Apparatus and methods are provided for booting a computing device (200) from a NAND flash memory (210). One apparatus includes a NAND memory device including a boot sector (250) configured to store boot code (255) and an FPGA (270) including an internal memory (275) in communication with the NAND memory device. The FPGA is configured to access the boot sector and load the boot code into the internal memory. A method (300) for booting a computing device (200) having a processor (220), an FPGA (270), and a NAND memory device (210) including at least one sector (250) storing boot code (255) and a sector storing operational code (215) includes the steps of the FPGA holding the processor in reset and accessing the boot sector. The FPGA also fetches the boot code from the boot sector and stores the boot code in its internal memory. Also disclosed are machine-readable mediums providing logic, which when executed by an FPGA, causes the FPGA to perform the method.

Description

APPARATUS AND METHOD FOR BOOTING A COMPUTING DEVICE FROM A
NAND MEMORY DEVICE
CROSS REFERENCE TO RELATED APPLICATIONS
[0001] This application claims priority to U.S. Provisional Patent Application Serial Number 60/797,018 filed May 1, 2006 and U.S. Non-Provisional Patent Application Serial Number 11/741,953 filed April 30, 2007.
FIELD OF THE INVENTION
[0002] The present invention generally relates to computing devices, and more particularly relates to booting a computing device from a NAND flash memory device.
BACKGROUND OF THE INVENTION
[0003] When a computing device is first powered ON, its main system memory is empty, and the computing device needs to immediately find instructions to tell it what to run to begin operating.
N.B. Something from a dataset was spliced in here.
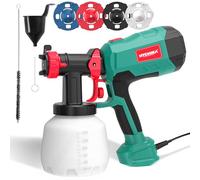 HYCHIKA Pistola Pintura, Pistola de Pintura HVLP de 600W, Depósito de 1200ML 4 Boquillas y 2 Herramientas de Limpieza, Pulverizador de Pintura de 3 Patrones para Paredes y Techos, Vallas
The instructions are found within a program often referred to as a Basic Input/Output System (BIOS) or a bootloader.
[0004] Since the BIOS is the first set of instructions executed by the processor, the BIOS is usually stored in permanent read-only memory (ROM) so that it is always available for use, even when the rest of the main system memory is empty. Early computing devices stored the BIOS in a ROM chip. Since upgrading the BIOS required that the ROM chip be replaced, modern computing devices store the BIOS in programmable read-only memory (PROM), erasable programmable read-only memory (EPROM), electrically erasable programmable read-only memory (EEPROM) or, most commonly, a NOR flash memory.
[0005] The BIOS is responsible for locating a code storage device (e.g., hard drive, compact disk, etc.) so the BIOS can instruct the processor to execute code (i.e., boot code) from the device's boot sector. The boot sector is often operating system specific; however, for most operating systems the main function of the boot sector is to instruct the processor to load the operating system kernel stored in a NAND device into the processor's local memory (e.g., SRAM, DDR, etc.).
[0006] Therefore, many computing devices include a device (e.g., ROM, PROM, EPROM, EEPROM, a NOR flash, etc.) for storing the BIOS, and non-volatile RAM (e.g., a NAND flash) for storing the operating system. More specifically, many computing devices include a NOR flash device for booting, and a NAND flash device for storing the operating system.
[0007] The inclusion of a NOR flash device for booting and a NAND flash device for operating the computing device increases the cost and "real estate" needed for most computing devices. Accordingly, it is desirable to provide apparatus and methods for booting and operating a computing device from a single flash device. Furthermore, other desirable features and characteristics of the present invention will become apparent from the subsequent detailed description of the invention and the appended claims, taken in conjunction with the accompanying drawings and this background of the invention.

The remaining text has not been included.